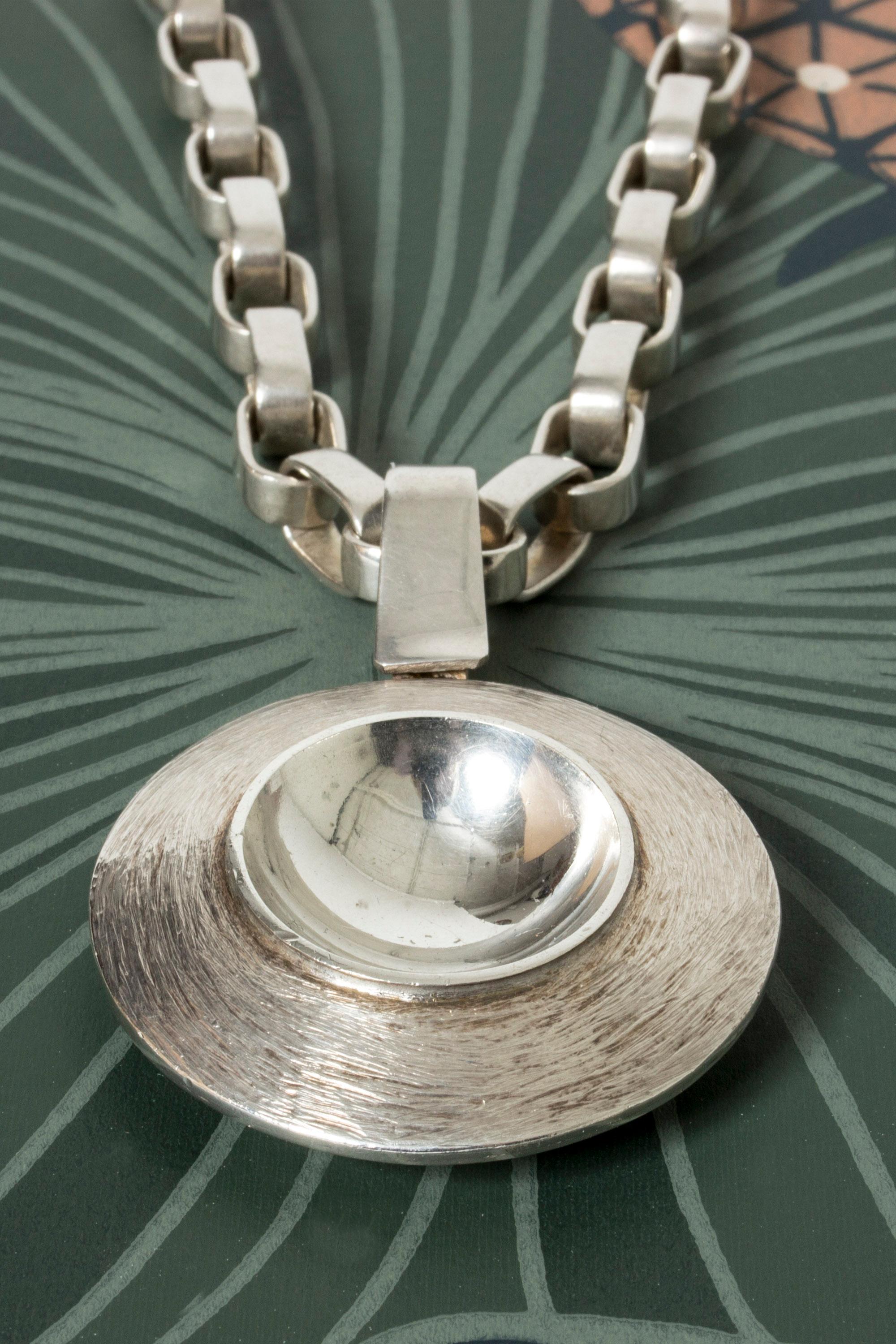 Magnificent silver necklace by Sven-Erik Högberg with a hypnotizing, round pendant on a thick chain that can be worn just as well on its own. Wonderful design and craftsmanship.

Year: 1974 (pendant) and 1978 (chain)
Dimensions: Height 6.5 cm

Your goal: Output only the lines running from the line with "Year: 1974 (pendant) and 1978 (chain)" through the final line of the data, inclusive.

Solution to the problem:
Year: 1974 (pendant) and 1978 (chain)
Dimensions: Height 6.5 cm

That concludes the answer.